Zhang S, Mueller C. Comparative analysis of volatiles in traditionally cured Bourbon and Ugandan vanilla bean ( Vanilla planifolia ) extracts. J Agric Food Chem. 2012 Oct 24;60(42):10433-44. doi: 10.1021/jf302615s.

Abstract. Traditionally cured vanilla beans ( Vanilla planifolia ) from Madagascar and Uganda were extracted with organic solvents, and the volatiles were separated from the nonvolatile fraction using the solvent assisted flavor evaporation (SAFE) technique.

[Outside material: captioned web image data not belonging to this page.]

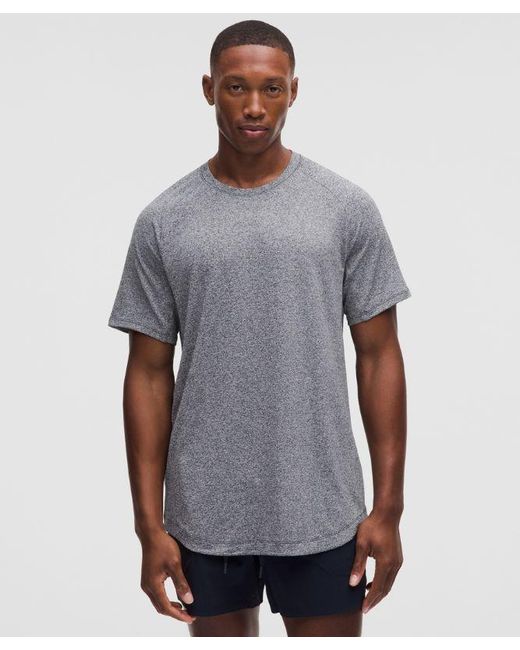 lululemon athletica Gray – License To Train Short-Sleeve Shirt – – Size Medium for men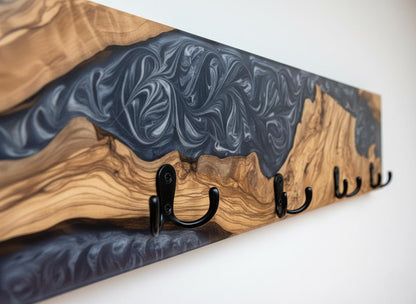 Perchero de madera de olivo con resina epoxy violeta y blanca, vista lateral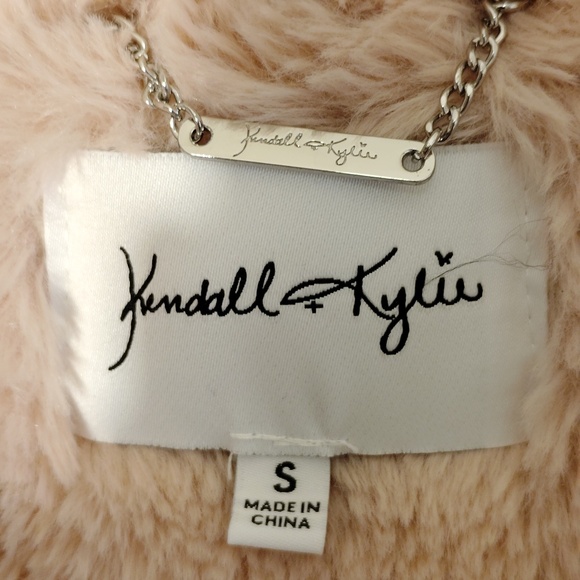 Kendall & Kylie Blush Teddy Jacket - Picture 5 of 9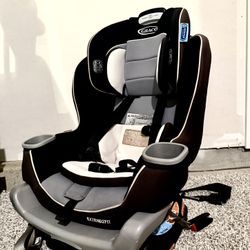 Car seat (Graco Extend2Fit Convertible Car Seat) – Great Condition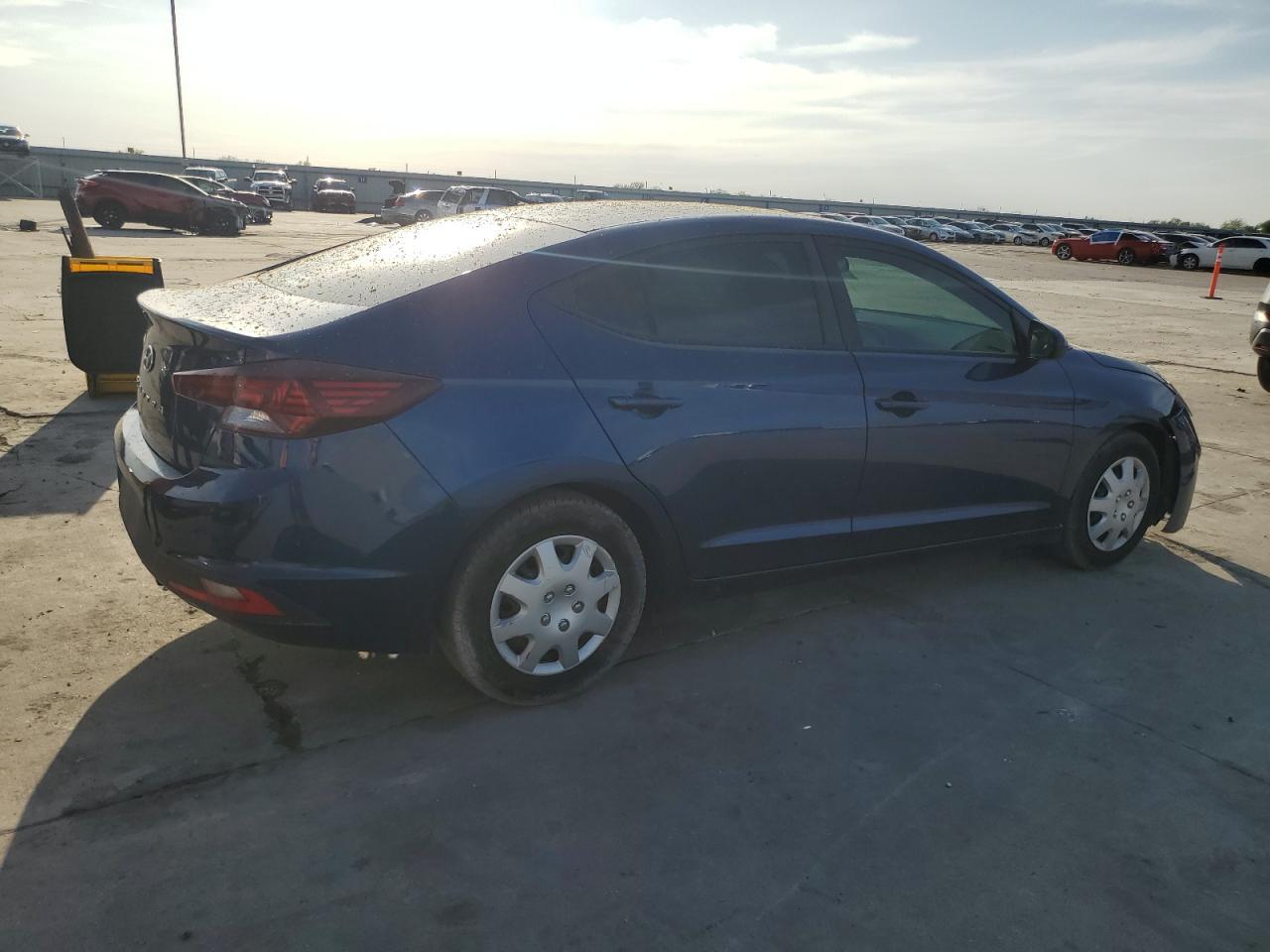 2019 HYUNDAI ELANTRA SE - Фото 3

Concentrated vanilla bean extracts were analyzed using GC-MS and GC-O. Two hundred and forty-six volatile compounds were identified using the Automated Mass Spectral Deconvolution and Identification System (AMDIS) software, of which 13 were confirmed with authentic compounds from commercial sources and the others were tentatively identified on the basis of calibrated linear retention indices and the comparison of deconvoluted mass spectra with the in-house and/or NIST spectra databases. Vanillin was the most abundant constituent followed by guaiacol. The total concentration of the volatile compounds, excluding vanillin, was 301 mg/kg for Bourbon and 398 mg/kg for Ugandan vanilla bean extracts. Analytical comparison between the two vanilla bean extracts was discussed. Seventy-eight compounds were identified as odor-active compounds in the vanilla bean extracts with 10 confirmed with authentic references. It was found that there were substantial analytical differences in the odor-active compounds of the two extracts.